Kingston Stadium
- Interactive map of Kingston Stadium
- Address: 907 15th Street SW Cedar Rapids, Iowa
- Coordinates: 41°58′02.68″N 91°41′24.41″W﻿ / ﻿41.9674111°N 91.6901139°W
- Capacity: 15,000

Construction
- Opened: September 12, 1952
- Renovated: 2019
- Cost: 1952: $550,000 ($6.67 million in 2025 dollars) 2019: $2 million

= Kingston Stadium =

Football stadium in Cedar Rapids, Iowa

Kingston Stadium is a football stadium in Cedar Rapids, Iowa. Kingston Stadium is located southwest of downtown Cedar Rapids, adjacent to Veterans Memorial Stadium and ImOn Ice Arena. Opened September 12, 1952, it was named for a settlement called Kingston established in 1839 on the west side of the Cedar River which was later annexed into Cedar Rapids.

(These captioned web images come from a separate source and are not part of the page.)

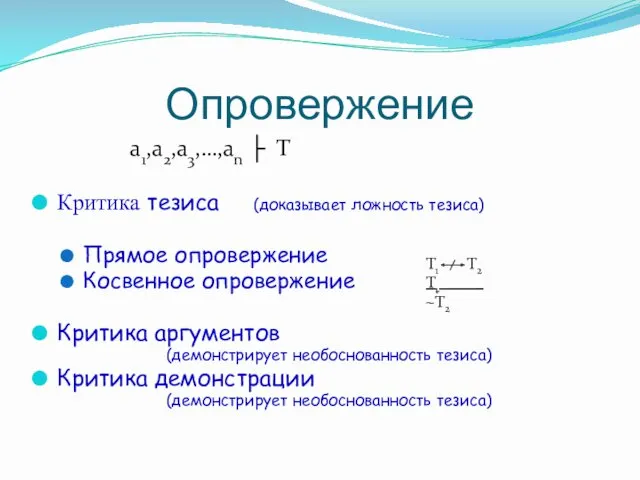 Опровержение a1,a2,a3,…,an ├ T Критика тезиса (доказывает ложность тезиса) Прямое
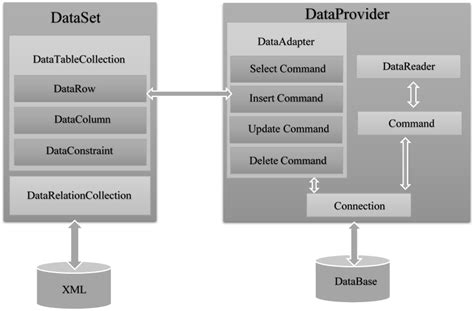 ADO Net Architecture Data Providers DataSet Tech Blog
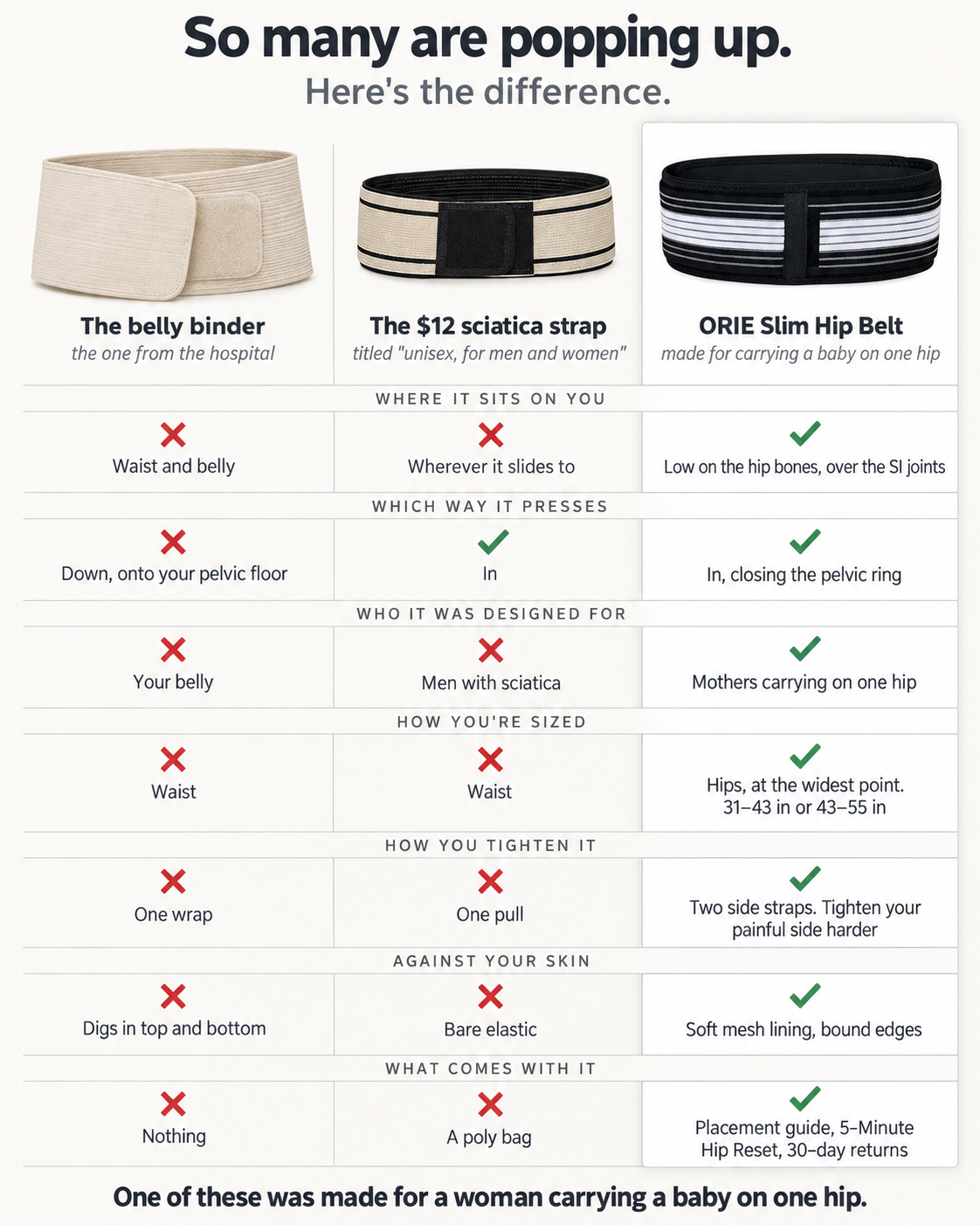 Instant Lower Back Relief With The Postpartum Hip Belt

In 2019, Kingston Stadium underwent three-months of renovations at a cost of $2 million. Upgrades included new turf, improved ADA compliant bleachers, and an eighth track lane allowing for state qualifying meets. The north bleachers were demolished and replaced with a grassy hillside.

==Uses==
Kingston Stadium is the home stadium for Jefferson, Kennedy, and Washington high school football games. It previously hosted Regis and LaSalle high schools when they were in existence, and Coe College games before K. Raymond Clark Field was built.

Kingston Stadium hosted a Canadian Football League exhibition game in 1961, and one NFL exhibition game each in 1961, 1962, and 1963, the last matching the two-time defending NFL champion Green Bay Packers vs. the Washington Redskins.

In the 1970s Kingston Stadium was home to three semipro football teams: the Rapid Raiders (Midwest Football League) in 1972 and 1973; the Buccaneers (Central States League) in 1974; and the Falcons (Chicagoland League; Northern States League) in 1976 and 1977. The 1972 Rapid Raiders won the Midwest Football League championship. In 1978, the Metro Falcons (Northern States League) were refused permission to play at Kingston Stadium.

The Cedar Rapids Rampage United amateur soccer team in the Premier League of America played at Kingston Stadium in 2017.

The stadium has also been used for public school graduation ceremonies, cheerleading, marching band festivals, track meets and soccer matches.